O botão rotativo translúcido, que brilha como o coração de um ET vindo do Planeta Azul, é o centro nevrálgico de todas as operações. A luminosidade pode ser regulada ou simplesmente desligada, mas, neste último caso, seria quase uma maldade como a da criança que tira a cauda ao pirilampo: perde-se a magia. Por falar em crianças e adolescentes, eles vão ficar contentes por saber que o novo amplificador do pai tem uma entrada para iPod!
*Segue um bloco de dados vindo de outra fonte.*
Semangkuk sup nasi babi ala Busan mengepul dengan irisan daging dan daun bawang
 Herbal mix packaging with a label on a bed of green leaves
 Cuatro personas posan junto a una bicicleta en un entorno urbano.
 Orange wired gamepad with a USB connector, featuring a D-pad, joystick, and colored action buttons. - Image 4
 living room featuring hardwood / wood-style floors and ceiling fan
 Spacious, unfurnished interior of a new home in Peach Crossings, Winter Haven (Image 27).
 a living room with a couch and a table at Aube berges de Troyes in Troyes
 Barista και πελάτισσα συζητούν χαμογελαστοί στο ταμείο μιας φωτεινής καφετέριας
Mais deliciados vão ficar se o pai os deixar brincar com o botão de'stand-by'...
Ao fim de pouco tempo, mesmo sem recurso ao manual, percebe-se como funciona o botão azul: roda-se para aumentar e avançar, pressiona-se para seleccionar e o mostrador vai-nos informando do resultado de cada acção: volume (em passos de 0,1dB ou 1dB, dependendo da velocidade de rotação); equilíbrio entre canais, regulação de ganho e selecção de fontes e Fase (Polaridade do sinal de saída). Aqui chegado, permitam-me divagar um pouco.
Fase absoluta: mito ou realidade?
A fase absoluta é um tema recorrente e polémico da cultura audiófila dos anos oitenta, lançado à colação, como tantos outros, pelo não menos polémico Harry Pearson. Não deve ser confundido com 'em fase' e 'fora-de-fase', algo que é imediatamente audível. Num dos primeiros Audioshows, realizado na Escola Superior de Educação, as Martin Logan Monolith tocaram um dia inteiro ligadas fora-de-fase, e toda a gente gostou! Quando finalmente eu chamei a atenção para o facto e as ligações foram corrigidas, houve ainda quem achasse por absurdo que se tinha perdido algum...ar e, pasme-se!...ambiência...
Ora, já a fase absoluta é algo de audição bem mais subtil, ao ponto de ser considerada uma mistificação por outra luminária audiófila igualmente polémica: Ivor Tiefenbrun.
Para simplificar, em termos fáceis de entender por qualquer iniciado, digamos que, quando um sistema está ligado fora-de-fase, isto é, com a polaridade das ligações de um dos canais (apenas um) invertidas em relação ao outro, na presença de um sinal positivo, os altifalantes de uma das colunas avançam enquanto os da outra recuam (visível a olho nu na unidade de graves em resposta à pancada do pedal de umkick drum, por exemplo).
Em estéreo, o efeito acústico mais evidente é o de perda de enfoque ao centro (o solista surge 'espalhado' por todo o palco sonoro como um ectoplasma) e de óbvia ausência de graves. O diagnóstico mais fácil faz-se com um sinal mono: o som tende a desaparecer por completo (ou quase) porque o canal esquerdo e direito se cancelam mutuamente. Corrige-se o problema invertendo as ligações positivo/negativo de uma - e só uma, neste caso - das colunas num sistema estéreo.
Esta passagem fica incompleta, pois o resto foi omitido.